Are you a person with commendable knowledge in computer networking? Are you interested in the field of Internet surfing? Do you want to fetch more by working on advanced network system then log on to www.wisdomjobs.com. Enhanced interior gateway routing protocol (EIGRP) is an advanced distant –vector routing protocol that is used on a computer network for automating routing decision and configuration. It supports existing commands like delay, default metric, and redistribute metric, set metric, metric weights, summary metric. These commands are used to control the vector metrics for external route sources injecting routes into EIGRP. It supports the ability to match the metric of incoming and outgoing routes learned via the offset list and match metric route map commands. It is able to detect when all routes on a link are using the new packet formats and will send only one version in homogeneous LAN segments. So, work on EIGRP platform and enhance your networking skills by glancing over the given EIGRP job interview question and answers.

Enhanced Interior Gateway Routing Protocol (EIGRP) Interview Questions

Enhanced Interior Gateway Routing Protocol (EIGRP) Interview Questions
    1. Question 1. Does Eigrp Support Secondary Addresses?

      Answer :

      EIGRP does support secondary address. Since EIGRP sources data packets from the primary addresses, Cisco recommends that we configure all routers on a particular subnet with primary addresses that belong to the similar subnet. Routers don’t form EIGRP neighbors over secondary network. For which,  if all of the primary IP addresses of routers don’t agree, problems arises with neighbor adjacency.

    2. Question 2. What Does The Eigrp Stuck In Active Message Mean?

      Answer :

      When EIGRP returns a stuck in active message, this means that it has not received a reply from a query. It sends a query when a route is lost and another feasible route does not exist inside the topology table. The SIA is caused by 2 sequential events:

      • The reported route by the SIA has gone away.
      • An EIGRP neighbor (or neighbors) have not replied to the query for that route.

      When the SIA occurs, the router clears the neighbor that did not reply for the query. When it happens, determine which neighbor has been cleared. We should Keep in mind that this router can be many hops away.

    3. Question 3. What Does The Neighbor Statement In The Eigrp Configuration Section Do?

      Answer :

      The neighbor command is used in EIGRP in order to define a neighboring router with which to exchange  information of routing. Because of the current behavior of the command, EIGRP exchanges information of routing with the neighbors in the form of unicast packets whenever the neighbor command is configured for interface. EIGRP holds on processing all multicast packets that come inbound on that interface. EIGRP also mutes sending multicast packets on that interface.
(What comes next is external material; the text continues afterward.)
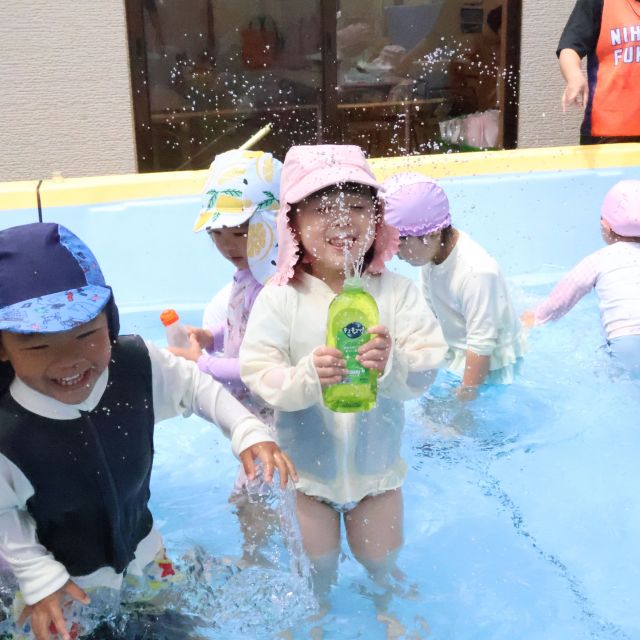 プール開き②　＊３・４・５歳児＊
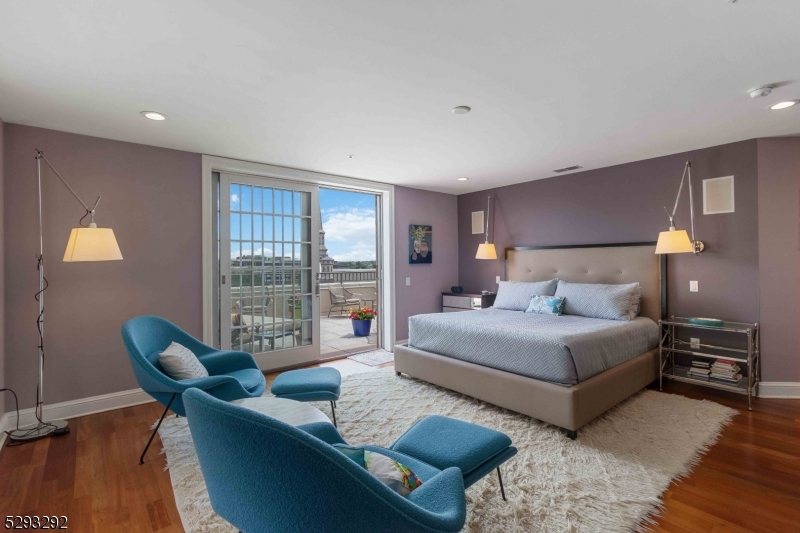 40 PARK PLACE - Residential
      The ideal behavior of this command is for EIGRP to start sending EIGRP packets as unicast packets to the specified neighbor, but  don’t stop sending and receiving multicast packets on that interface. As  the command does not behave as intended, the neighbor command must used carefully.

    4. Question 4. Why Does The Eigrp Passive-interface Command Remove All Neighbors For An Interface?

      Answer :

      The passive interface command disables the transmission and receipt of EIGRP hello packets on interface. Not similarly IGRP or RIP, EIGRP sends hello packets in order to form and sustain neighbor adjacency. Not having a neighbor adjacency, EIGRP doesn’t exchange routes with a neighbor. For which the passive interface command prevents the exchange of routes on the interface. Although EIGRP does not  receive or send routing updates on an interface configured with the passive interface command, it includes the address of the interface in routing updates sent out of other non-passive interfaces.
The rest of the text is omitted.